▶ **Problem to solve**
Each line below from the line with "Détail du sac" to the line with "Poszukiwany Europejskim Nakazem" must be copied exactly, including those two, and no picture may appear in the copy.

▶ **Data records**
# # # #

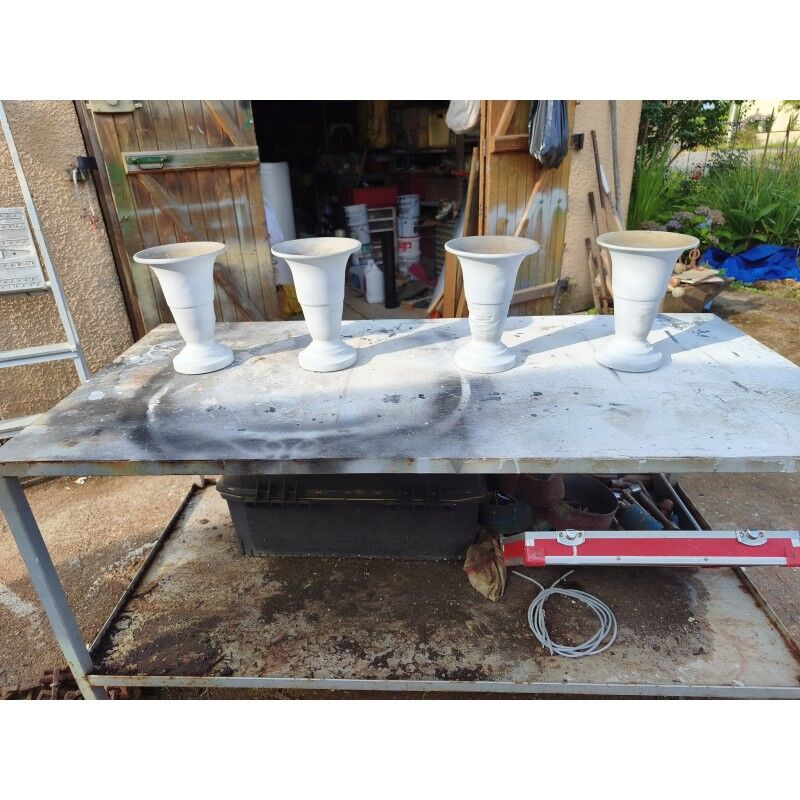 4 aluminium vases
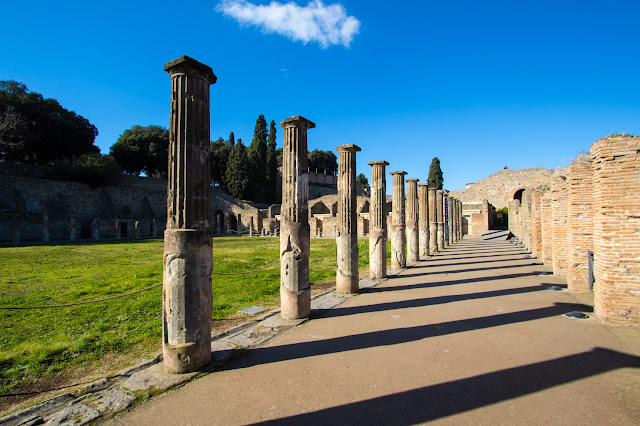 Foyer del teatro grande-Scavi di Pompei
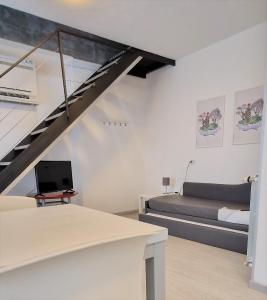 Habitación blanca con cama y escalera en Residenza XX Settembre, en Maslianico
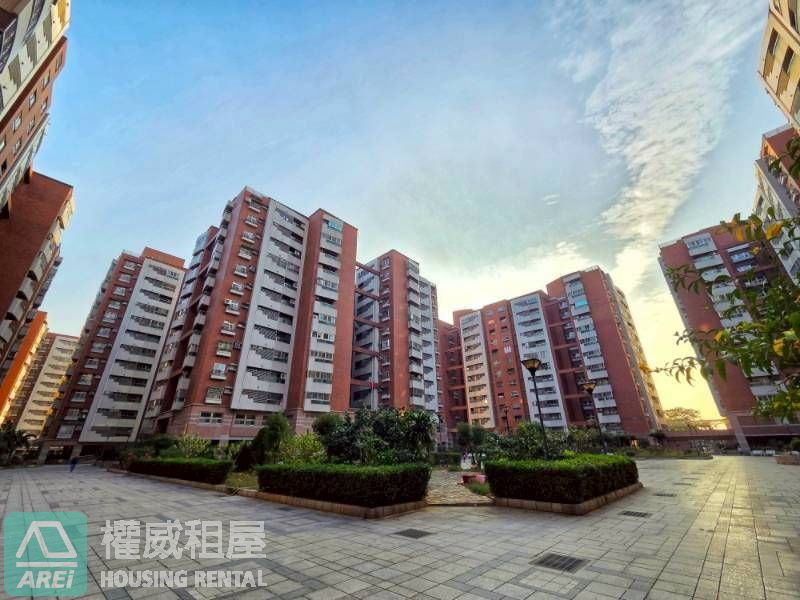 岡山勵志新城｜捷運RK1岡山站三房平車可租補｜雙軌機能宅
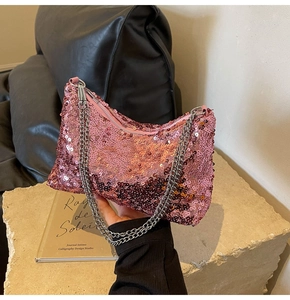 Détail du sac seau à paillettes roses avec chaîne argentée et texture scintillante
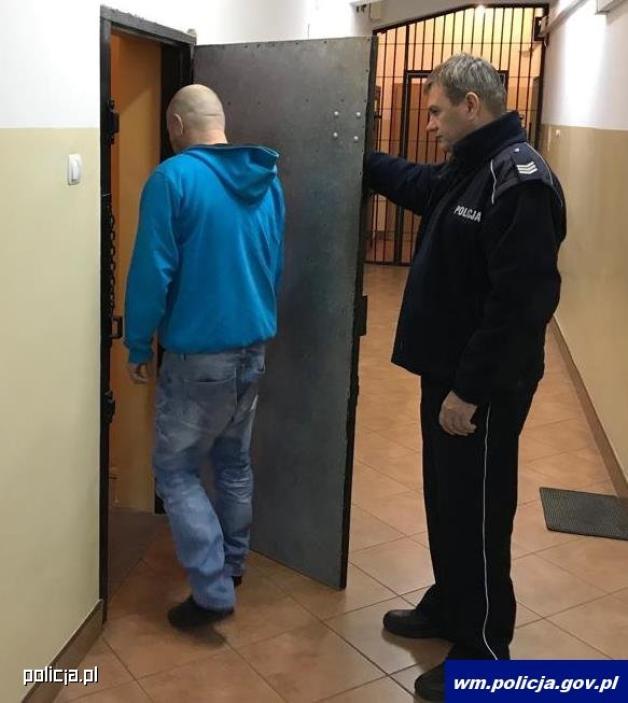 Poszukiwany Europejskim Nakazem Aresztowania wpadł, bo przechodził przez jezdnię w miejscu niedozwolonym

# # # #

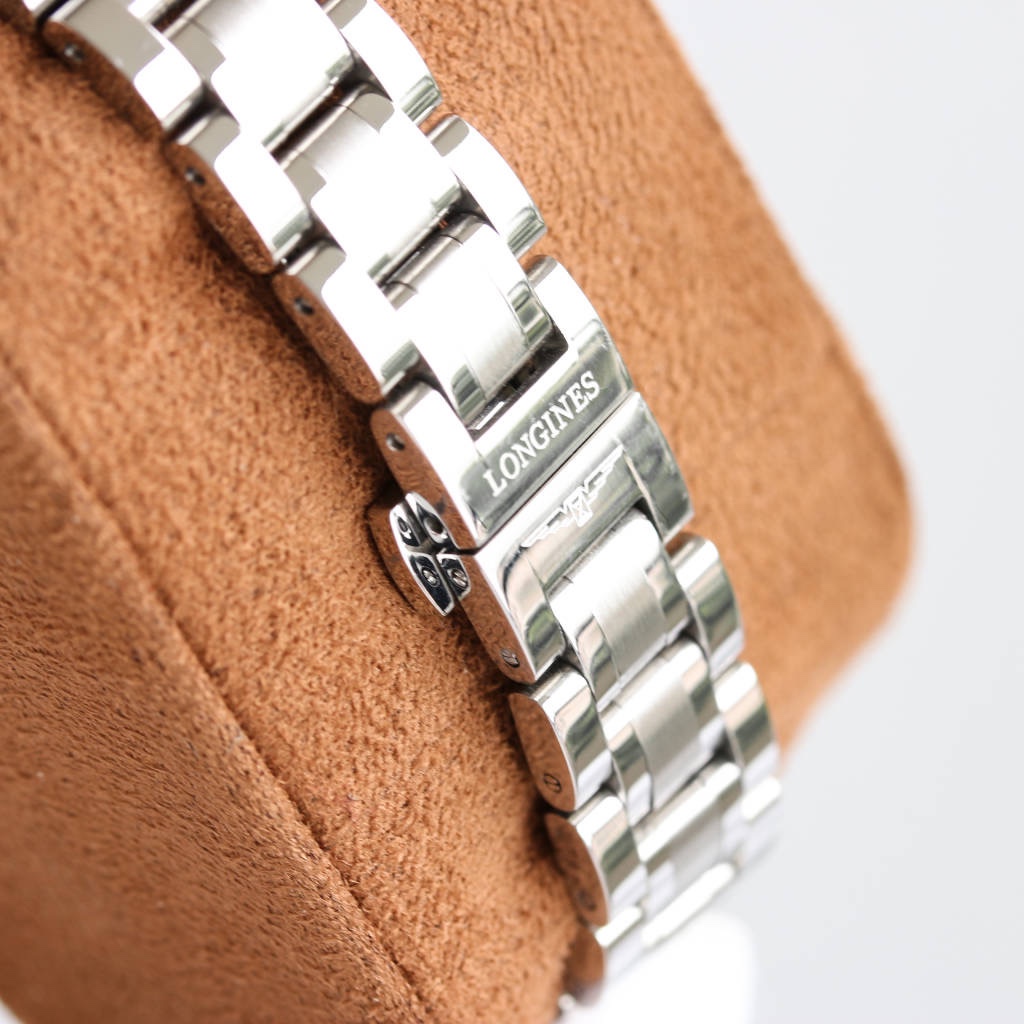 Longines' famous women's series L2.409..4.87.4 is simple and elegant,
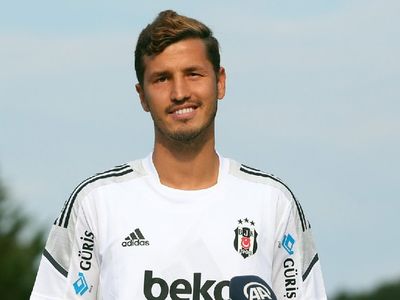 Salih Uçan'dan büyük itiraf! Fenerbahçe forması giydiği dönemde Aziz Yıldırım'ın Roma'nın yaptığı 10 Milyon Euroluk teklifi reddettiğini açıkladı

# # # #

▶ **Output**
 Détail du sac seau à paillettes roses avec chaîne argentée et texture scintillante
 Poszukiwany Europejskim Nakazem Aresztowania wpadł, bo przechodził przez jezdnię w miejscu niedozwolonym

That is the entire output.